Mengenal Tradisi Upacara Sedekah Laut di Cilacap

Kebudayaan adalah hasil budi daya manusia, yang diwariskan secara turun-temurun melalui adat dan tradisi. Di Pulau Jawa, terdapat banyak peninggalan kebudayaan, termasuk adat dan tradisi seperti upacara kematian, upacara keagamaan, dan salah satunya adalah upacara sedekah laut. Di Kabupaten Cilacap, tradisi ini menjadi bagian integral dari kehidupan masyarakat, khususnya para nelayan yang tinggal di wilayah pantai.

Latar Belakang Upacara Sedekah Laut

Cerita tentang upacara sedekah laut di Cilacap bermula dari peristiwa tumbuhnya kembang Wijayakusuma pada zaman Prabu Aji Pramosa dari Kediri. Kembang ini memiliki makna filosofis yang dalam, merepresentasikan kekuatan, keberagaman, dan keharmonisan dalam sebuah pemerintahan. Raja-raja di Surakarta dan Yogyakarta mengirim utusan ke Nusakambangan untuk memetik kembang tersebut sebelum penobatan.

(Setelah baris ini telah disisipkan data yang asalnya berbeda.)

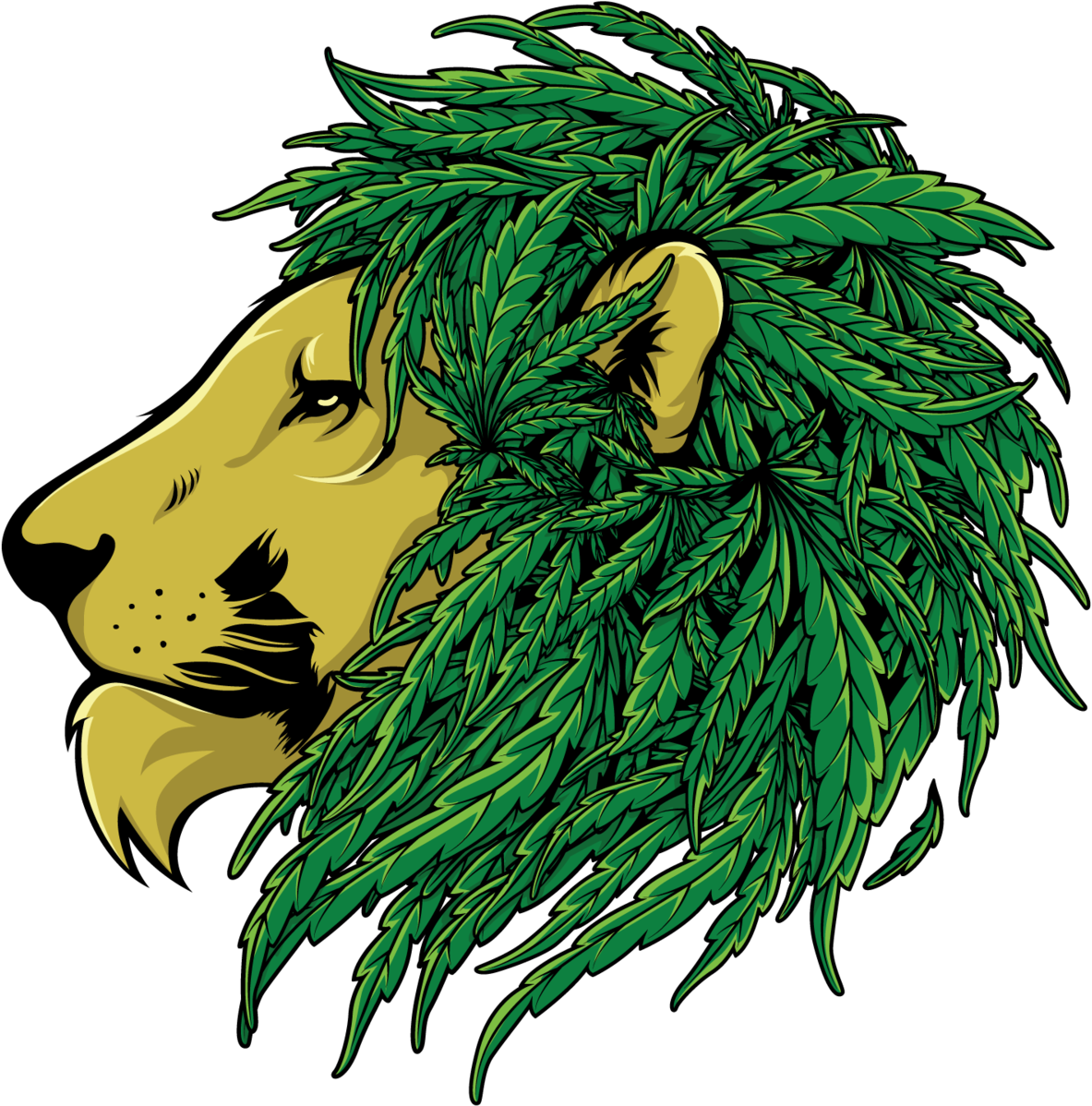 420 Png (2500x1767), Png Download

Adat ini, sebagaimana diceritakan dalam Babad Tanah Jawi, berkembang menjadi upacara sedekah laut di Cilacap pada tahun 1875. Bupati Cilacap ketiga, Tumenggung Tjakrawerdaya III, memerintahkan Ki Arsa Menawi dan sesepuh nelayan Pandanarang untuk melaksanakan larung sesaji ke laut selatan. Sejak itu, upacara sedekah laut menjadi tradisi tahunan di bulan Sura.


Persiapan Upacara

Masyarakat nelayan Cilacap mempersiapkan upacara sedekah laut jauh sebelum pelaksanaannya, terutama dari segi finansial. Setiap nelayan memberikan iuran rutin setiap bulan untuk mendukung persiapan upacara. Persiapan melibatkan peralatan dan sesaji yang beragam, termasuk perahu tempel, ancak, jodhang, tampah, pengaron, takir, dan ceketong.

Sesaji yang dipersiapkan mencakup berbagai elemen, mulai dari sesaji khusus untuk Kanjeng Ratu Kidul hingga kembang telon, alat kecantikan wanita, pakaian, jenang-jenangan, dan berbagai jenis makanan dan minuman.

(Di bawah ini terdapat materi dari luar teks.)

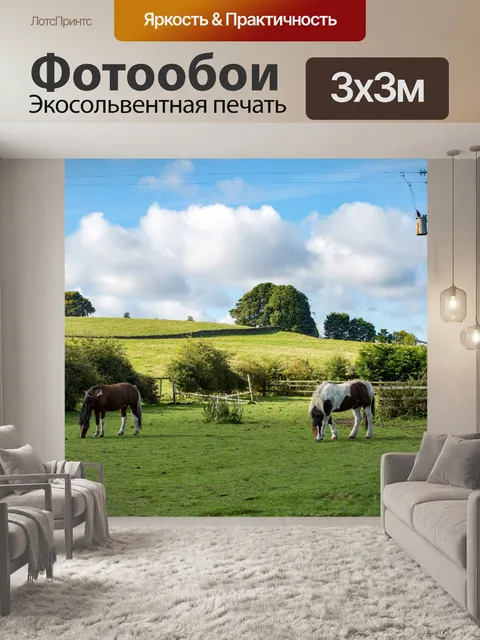 Фотообои лошадь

Prosesi Upacara Sedekah Laut

Upacara sedekah laut dimulai dengan prosesi nyekar atau ziarah ke Pantai Karang Bandung (Pulau Majethi), diikuti oleh masyarakat nelayan dan kelompok-kelompok lain. Mereka mengambil air suci di sekitar pulau yang diyakini sebagai tempat tumbuhnya bunga Wijayakusuma.

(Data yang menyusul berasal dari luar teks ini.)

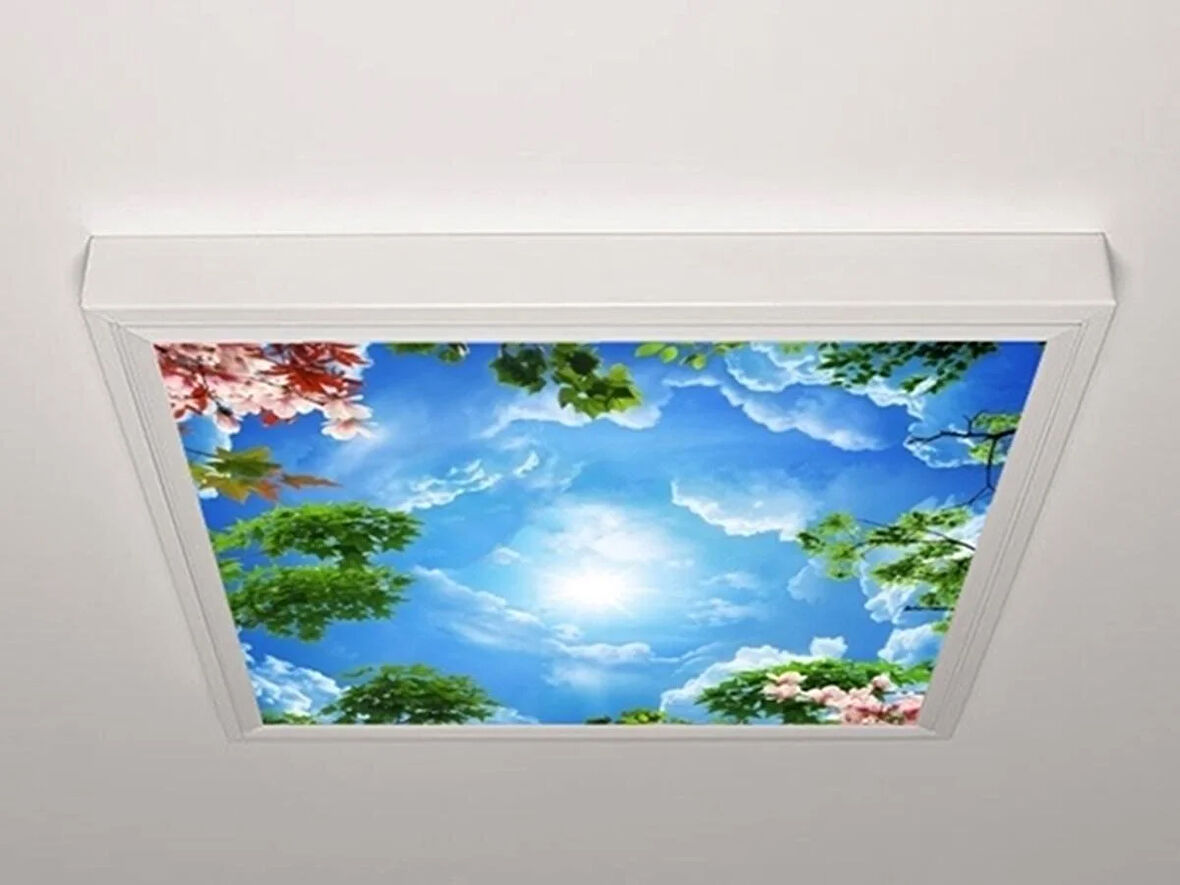 Gök Panel 60X60 LED Panel Aydınlatma Armatür Avize Sıva Üstü Desenli Tekli 46510433SU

Rangkaian kegiatan upacara melibatkan penyerahan sesaji, tirakatan di pendopo kabupaten, dan prosesi pelarungan joli ke laut selatan. Pertunjukan kesenian tradisional seperti Jalungmas, Lenggeran, kuda Lumping, dan wayang kulit menjadi bagian tak terpisahkan dari upacara ini. Pada malam hari, pertunjukan wayang kulit seringkali berlangsung hingga dini hari.


Fungsi dan Makna Upacara Sedekah Laut

Upacara sedekah laut memiliki fungsi dan makna yang mencakup aspek budaya, agama, ekonomi, dan sastra. Secara budaya, upacara ini mencerminkan adat istiadat masyarakat sebelumnya yang diwariskan secara turun-temurun. Secara agama, sedekah laut dianggap sebagai wujud permohonan dan doa kepada Tuhan Yang Maha Kuasa.

Ritual ini juga membawa dampak ekonomi, terutama melalui iuran yang dikumpulkan untuk persiapan upacara. Dari segi sastra, upacara sedekah laut menjadi inspirasi bagi seniman dan sastrawan untuk menciptakan karya-karya yang mengangkat tema kearifan lokal dan spiritualitas nelayan.


Kesimpulan

Upacara sedekah laut di Cilacap bukan hanya sekadar ritual keagamaan, tetapi juga perayaan kearifan lokal dan warisan budaya yang perlu dilestarikan. Melalui upacara ini, masyarakat nelayan menggambarkan hubungan yang erat antara manusia dan alam, serta kepercayaan pada kekuatan spiritual. Dengan menjaga dan merayakan tradisi ini, generasi mendatang diharapkan dapat terus menghargai dan mewarisi kekayaan budaya nenek moyang mereka.